# EXERCISE GOAL:
Exact transcription of the following records is needed, with every picture dropped.

# PROVIDED ENTRIES:
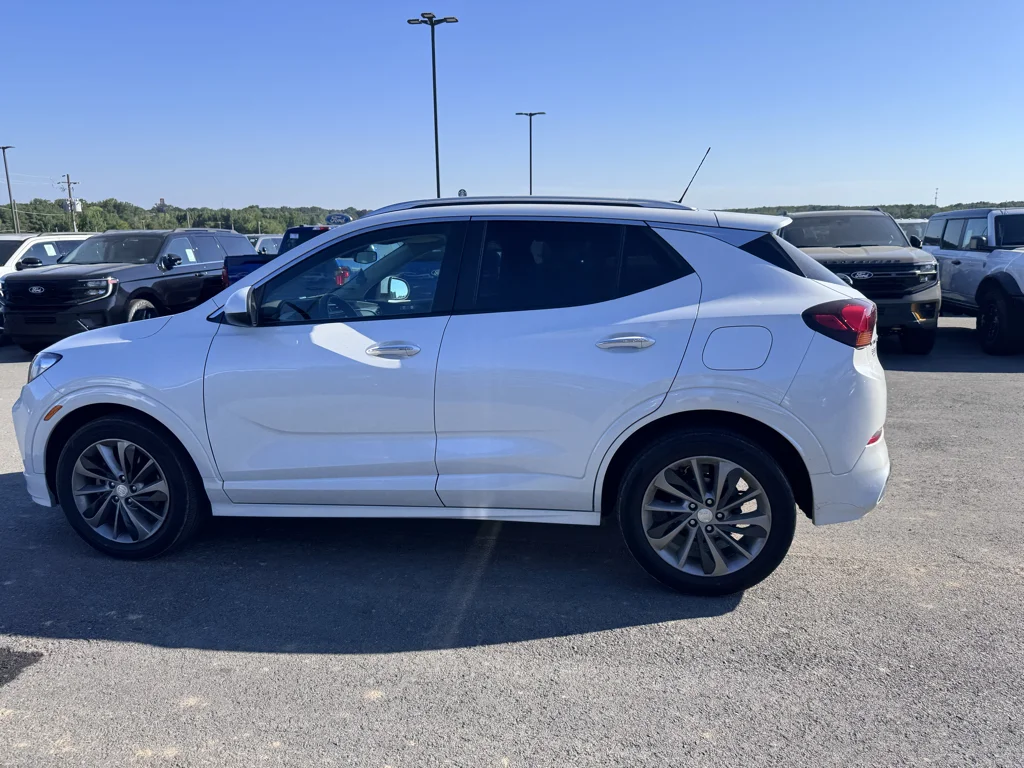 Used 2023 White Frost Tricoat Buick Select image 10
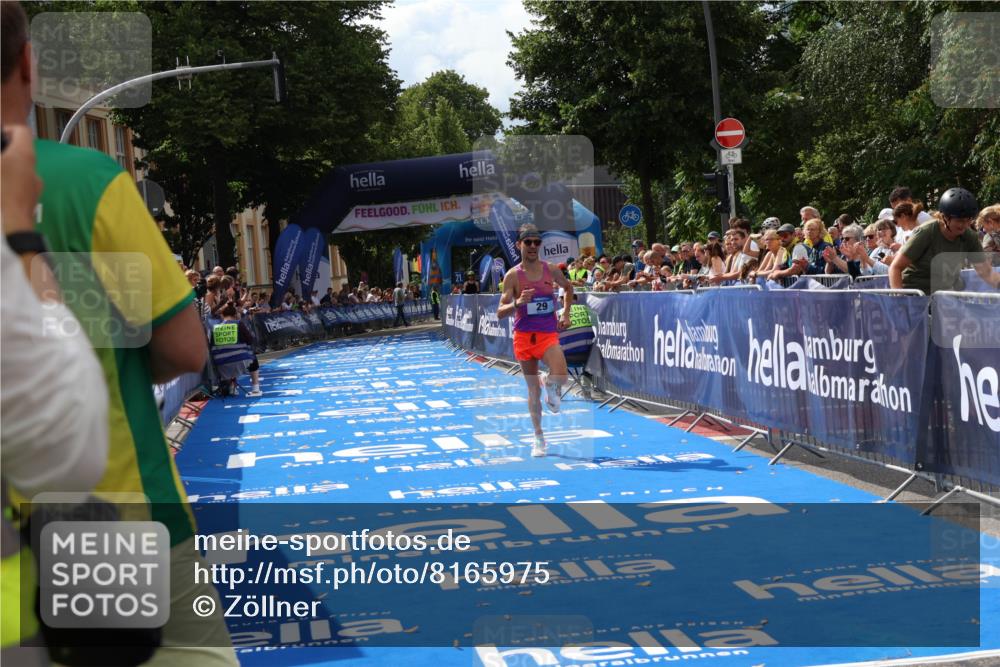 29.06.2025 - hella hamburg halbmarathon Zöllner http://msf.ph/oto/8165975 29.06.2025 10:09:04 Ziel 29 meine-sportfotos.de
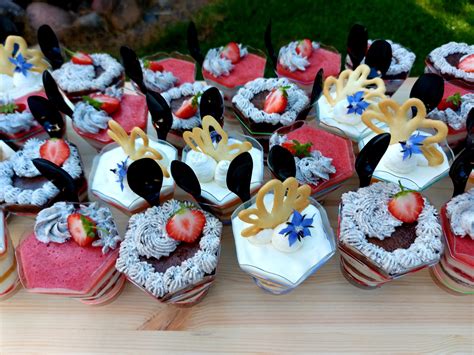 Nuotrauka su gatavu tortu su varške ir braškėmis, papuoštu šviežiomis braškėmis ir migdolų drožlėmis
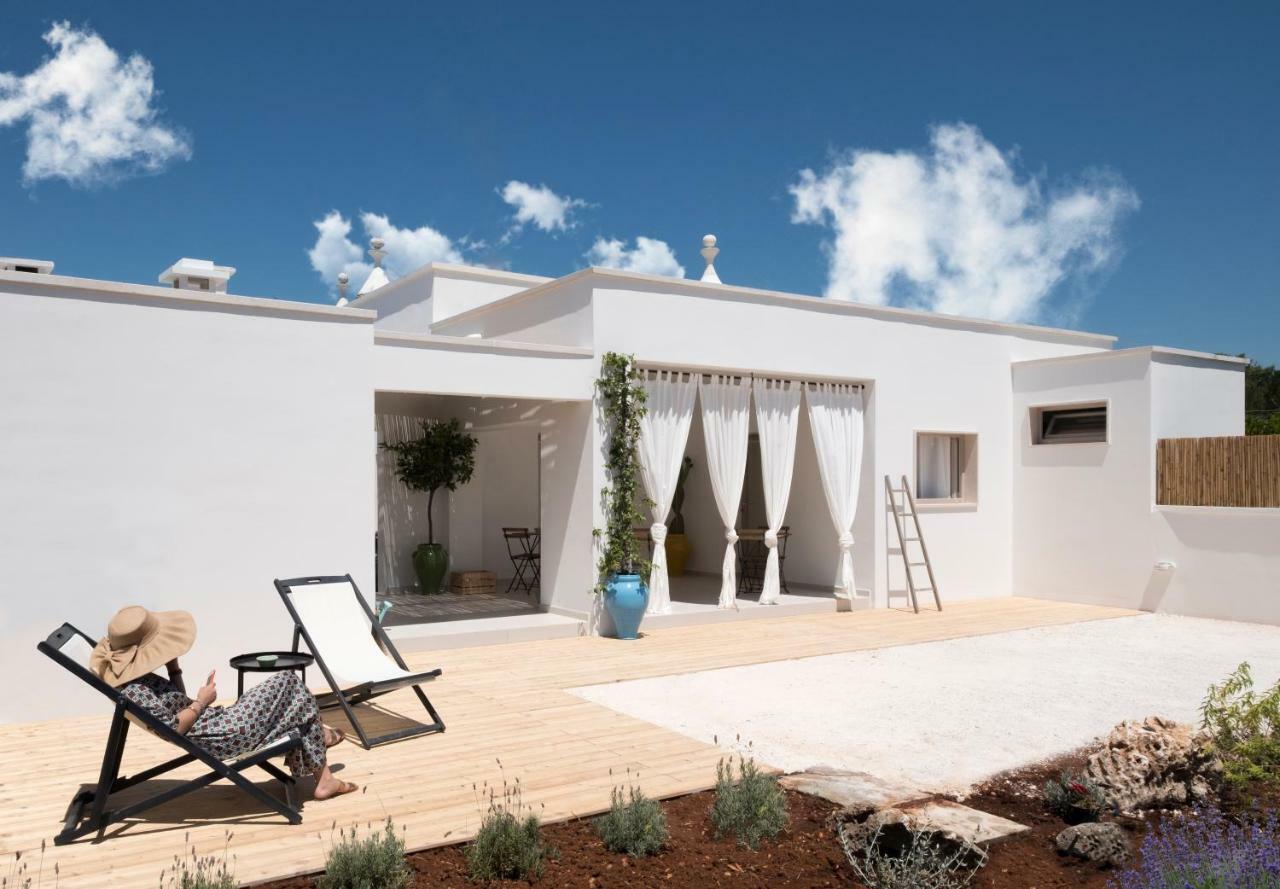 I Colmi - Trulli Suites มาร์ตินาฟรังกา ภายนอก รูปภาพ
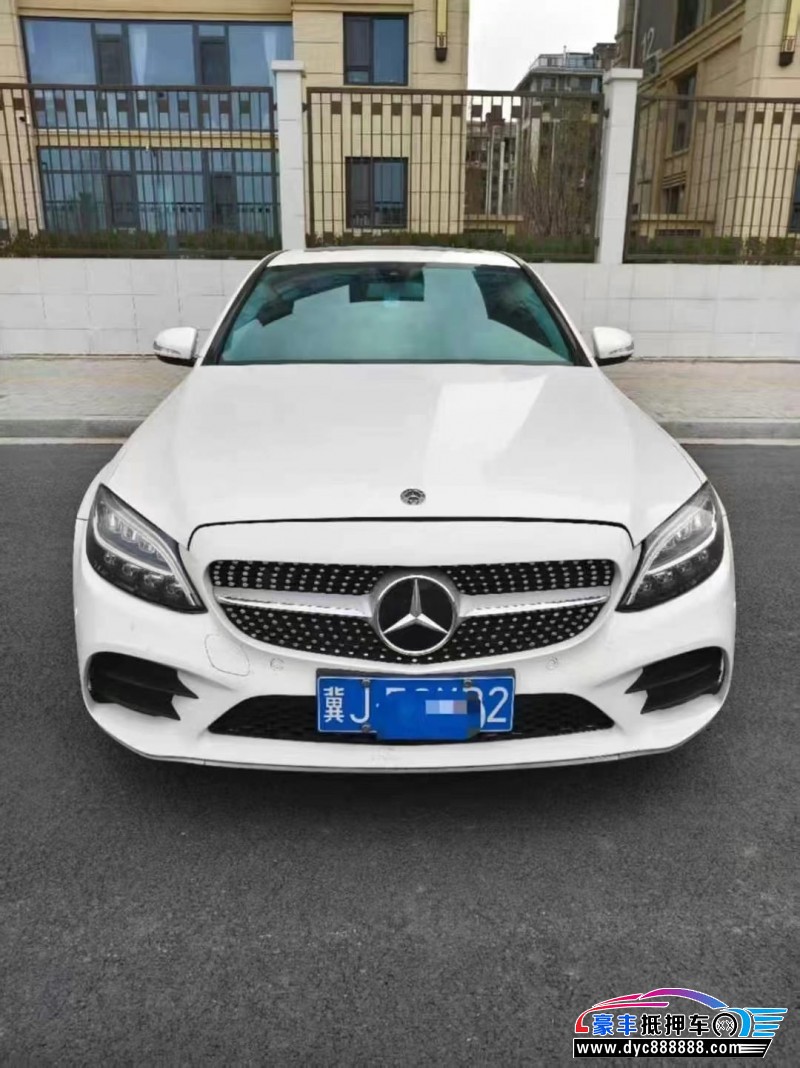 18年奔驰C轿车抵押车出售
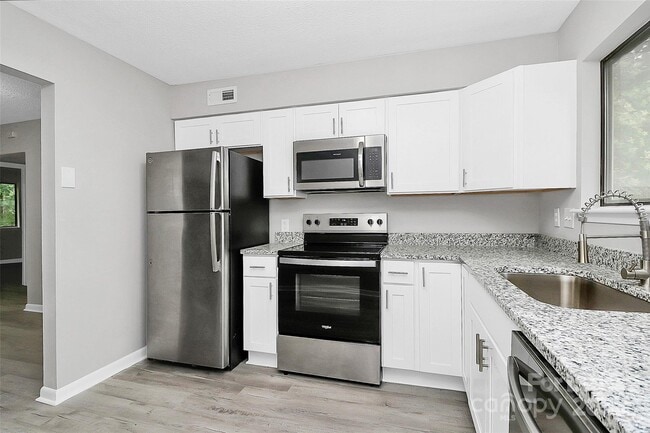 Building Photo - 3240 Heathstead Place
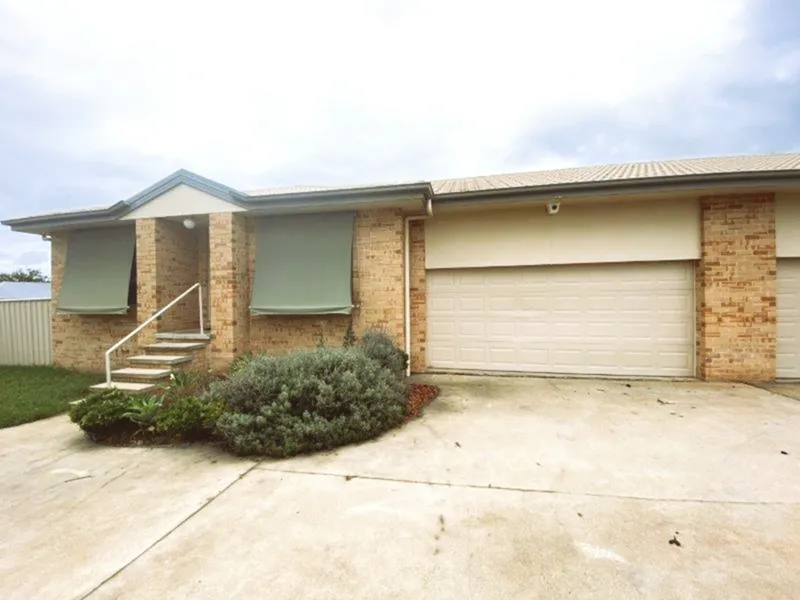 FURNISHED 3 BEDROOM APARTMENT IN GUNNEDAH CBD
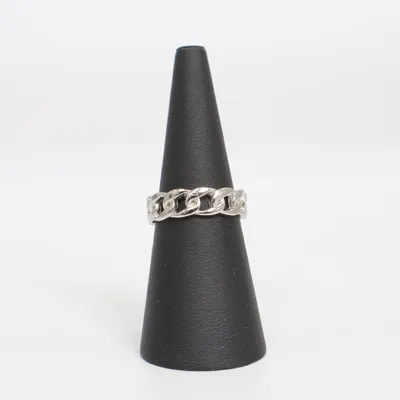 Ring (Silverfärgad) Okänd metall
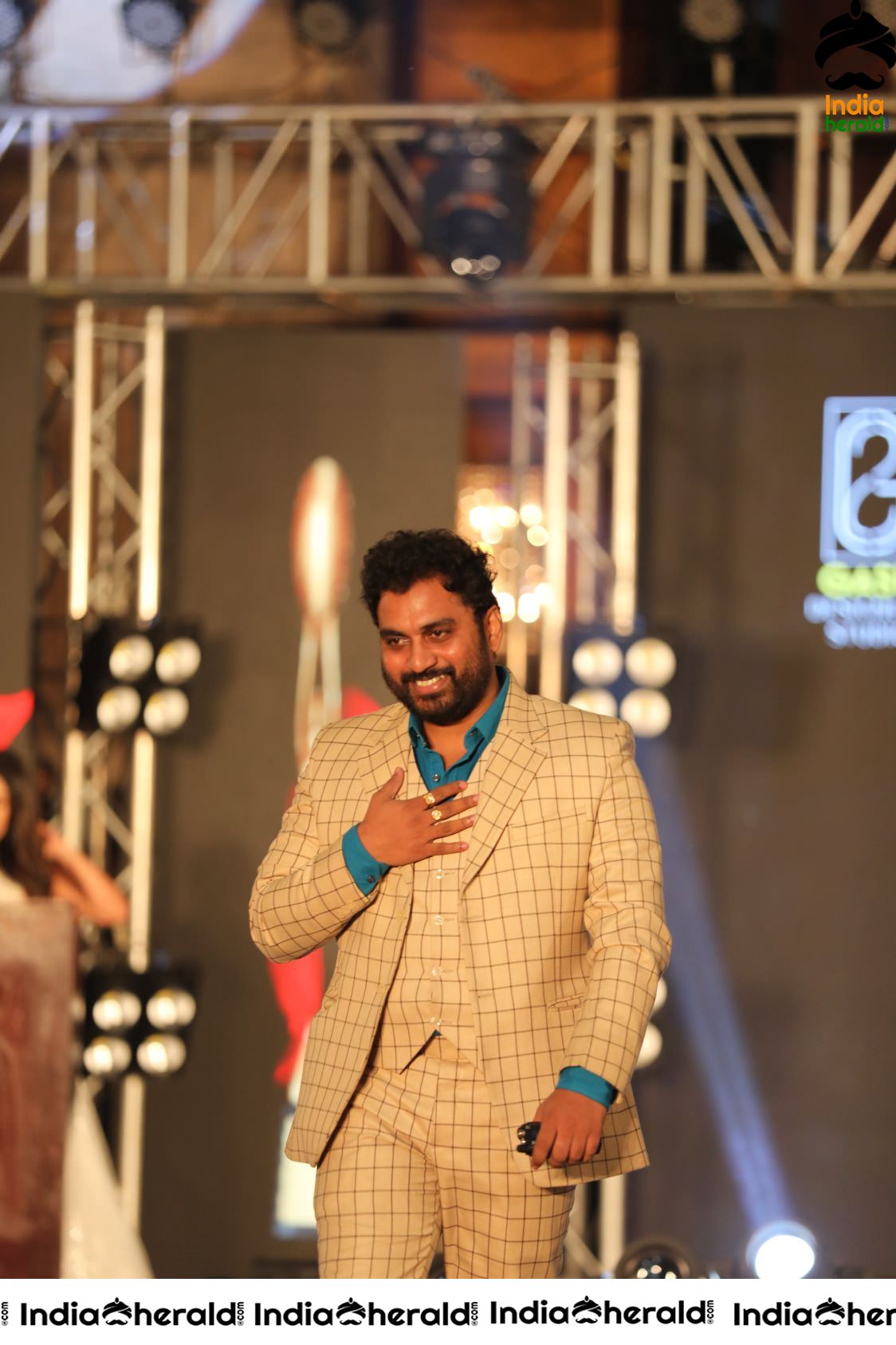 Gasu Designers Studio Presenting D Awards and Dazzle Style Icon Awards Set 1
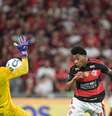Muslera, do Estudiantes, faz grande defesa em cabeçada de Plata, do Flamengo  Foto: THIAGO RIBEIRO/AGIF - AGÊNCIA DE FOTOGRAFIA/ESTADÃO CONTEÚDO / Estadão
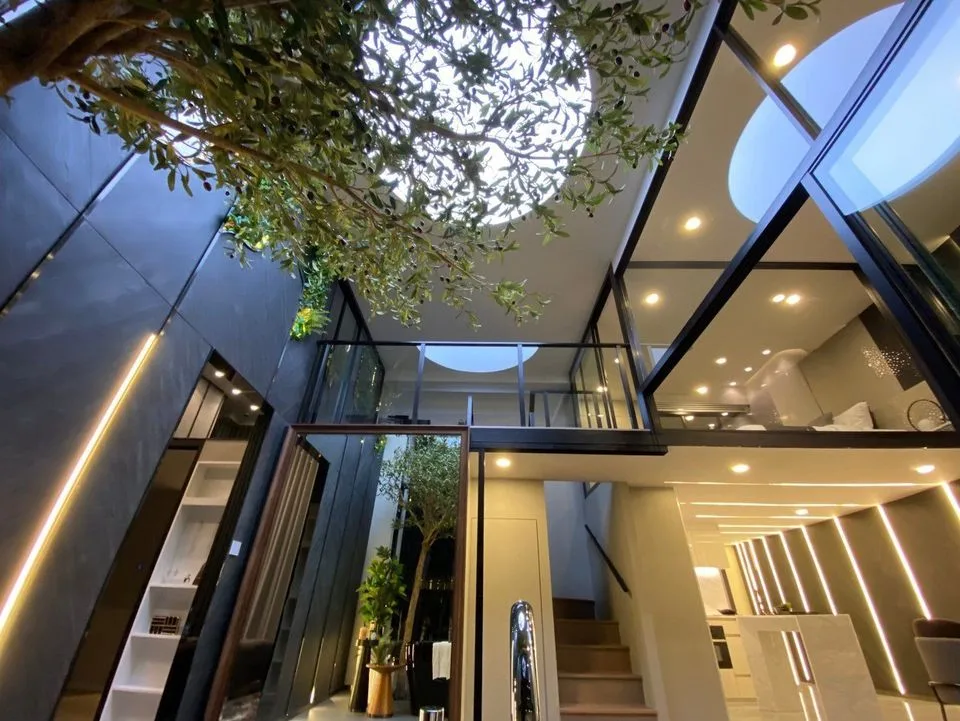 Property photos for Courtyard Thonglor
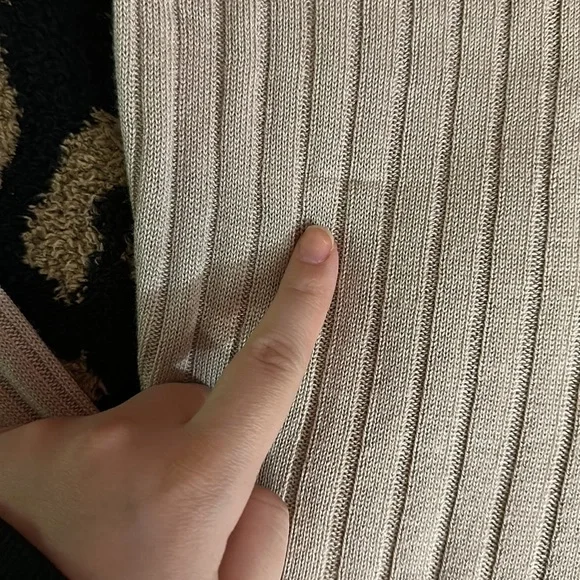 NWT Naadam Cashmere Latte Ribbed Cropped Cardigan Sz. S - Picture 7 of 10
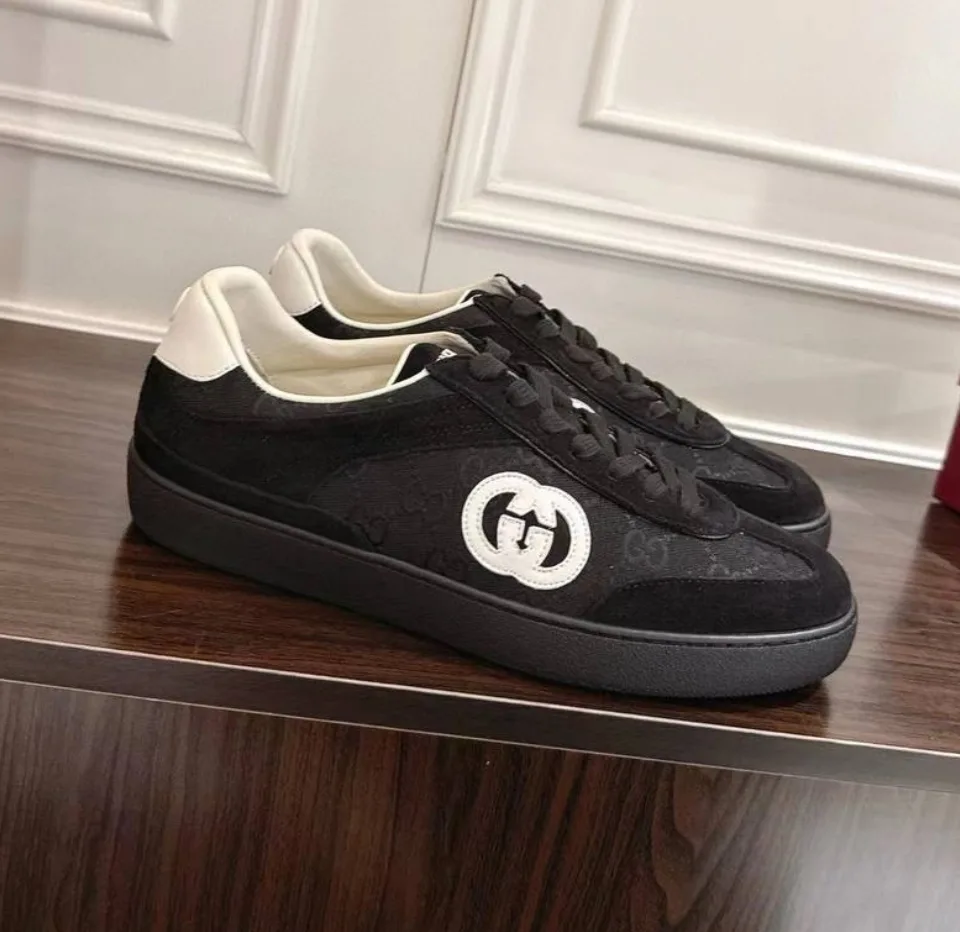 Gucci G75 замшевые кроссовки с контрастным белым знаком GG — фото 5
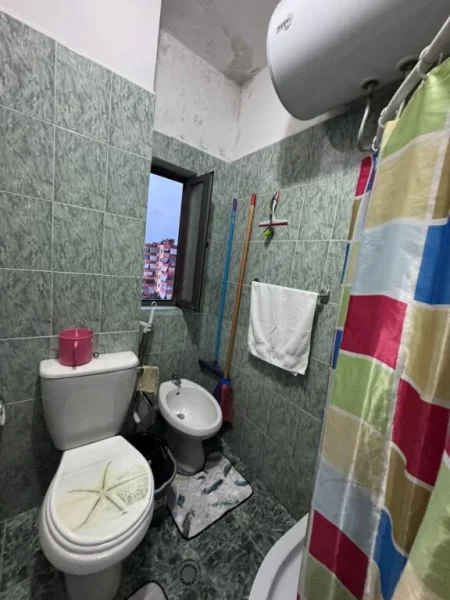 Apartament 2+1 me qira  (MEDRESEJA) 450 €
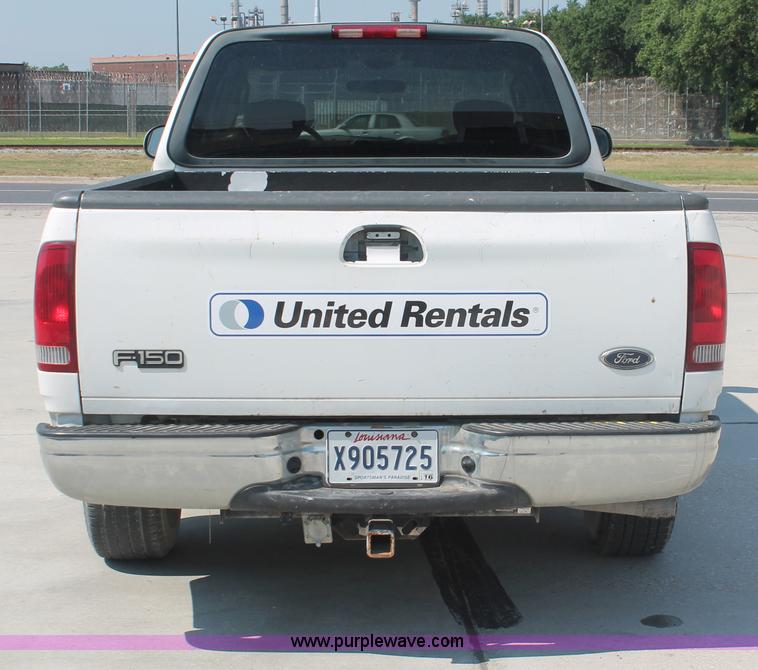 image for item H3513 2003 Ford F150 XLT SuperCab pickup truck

# TASK ANSWER:
 Used 2023 White Frost Tricoat Buick Select image 10
 29.06.2025 - hella hamburg halbmarathon Zöllner http://msf.ph/oto/8165975 29.06.2025 10:09:04 Ziel 29 meine-sportfotos.de
 Nuotrauka su gatavu tortu su varške ir braškėmis, papuoštu šviežiomis braškėmis ir migdolų drožlėmis
 I Colmi - Trulli Suites มาร์ตินาฟรังกา ภายนอก รูปภาพ
 18年奔驰C轿车抵押车出售
 Building Photo - 3240 Heathstead Place
 FURNISHED 3 BEDROOM APARTMENT IN GUNNEDAH CBD
 Ring (Silverfärgad) Okänd metall
 Gasu Designers Studio Presenting D Awards and Dazzle Style Icon Awards Set 1
Muslera, do Estudiantes, faz grande defesa em cabeçada de Plata, do Flamengo  Foto: THIAGO RIBEIRO/AGIF - AGÊNCIA DE FOTOGRAFIA/ESTADÃO CONTEÚDO / Estadão
 Property photos for Courtyard Thonglor
 NWT Naadam Cashmere Latte Ribbed Cropped Cardigan Sz. S - Picture 7 of 10
 Gucci G75 замшевые кроссовки с контрастным белым знаком GG — фото 5
 Apartament 2+1 me qira  (MEDRESEJA) 450 €
 image for item H3513 2003 Ford F150 XLT SuperCab pickup truck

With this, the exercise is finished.